▶ _EXERCISE AIM_
Gather every line below where "design" appears.

(Scraped caption text data)
>>>>>
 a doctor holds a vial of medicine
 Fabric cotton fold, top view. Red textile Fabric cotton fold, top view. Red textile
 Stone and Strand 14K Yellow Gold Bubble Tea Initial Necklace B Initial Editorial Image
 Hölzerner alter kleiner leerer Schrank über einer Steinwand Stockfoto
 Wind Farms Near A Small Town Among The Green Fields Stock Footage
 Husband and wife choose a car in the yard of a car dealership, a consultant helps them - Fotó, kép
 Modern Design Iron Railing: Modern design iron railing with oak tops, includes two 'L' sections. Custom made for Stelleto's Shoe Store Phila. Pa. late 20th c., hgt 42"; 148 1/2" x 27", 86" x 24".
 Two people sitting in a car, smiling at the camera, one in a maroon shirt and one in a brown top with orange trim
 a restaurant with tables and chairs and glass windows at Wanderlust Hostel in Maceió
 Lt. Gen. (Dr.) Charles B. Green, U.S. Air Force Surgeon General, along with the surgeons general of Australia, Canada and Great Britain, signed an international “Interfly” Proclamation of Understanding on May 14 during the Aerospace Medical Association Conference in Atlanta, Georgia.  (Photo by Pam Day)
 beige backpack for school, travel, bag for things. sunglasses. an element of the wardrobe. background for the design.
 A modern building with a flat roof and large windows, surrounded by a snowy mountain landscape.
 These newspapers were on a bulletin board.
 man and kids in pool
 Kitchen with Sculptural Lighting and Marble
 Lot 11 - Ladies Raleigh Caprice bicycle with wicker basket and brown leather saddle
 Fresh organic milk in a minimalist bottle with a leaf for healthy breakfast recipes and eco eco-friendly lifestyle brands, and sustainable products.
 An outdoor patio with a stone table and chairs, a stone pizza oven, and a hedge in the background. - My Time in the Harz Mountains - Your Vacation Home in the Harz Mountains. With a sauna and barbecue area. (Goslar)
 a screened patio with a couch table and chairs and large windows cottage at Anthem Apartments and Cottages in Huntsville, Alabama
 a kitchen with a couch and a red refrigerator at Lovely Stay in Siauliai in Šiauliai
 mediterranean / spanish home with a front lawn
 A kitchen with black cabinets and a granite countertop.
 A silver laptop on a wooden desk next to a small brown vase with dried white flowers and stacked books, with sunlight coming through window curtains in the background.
<<<<<
▶ _RESPONSE_
 Modern Design Iron Railing: Modern design iron railing with oak tops, includes two 'L' sections. Custom made for Stelleto's Shoe Store Phila. Pa. late 20th c., hgt 42"; 148 1/2" x 27", 86" x 24".
 beige backpack for school, travel, bag for things. sunglasses. an element of the wardrobe. background for the design.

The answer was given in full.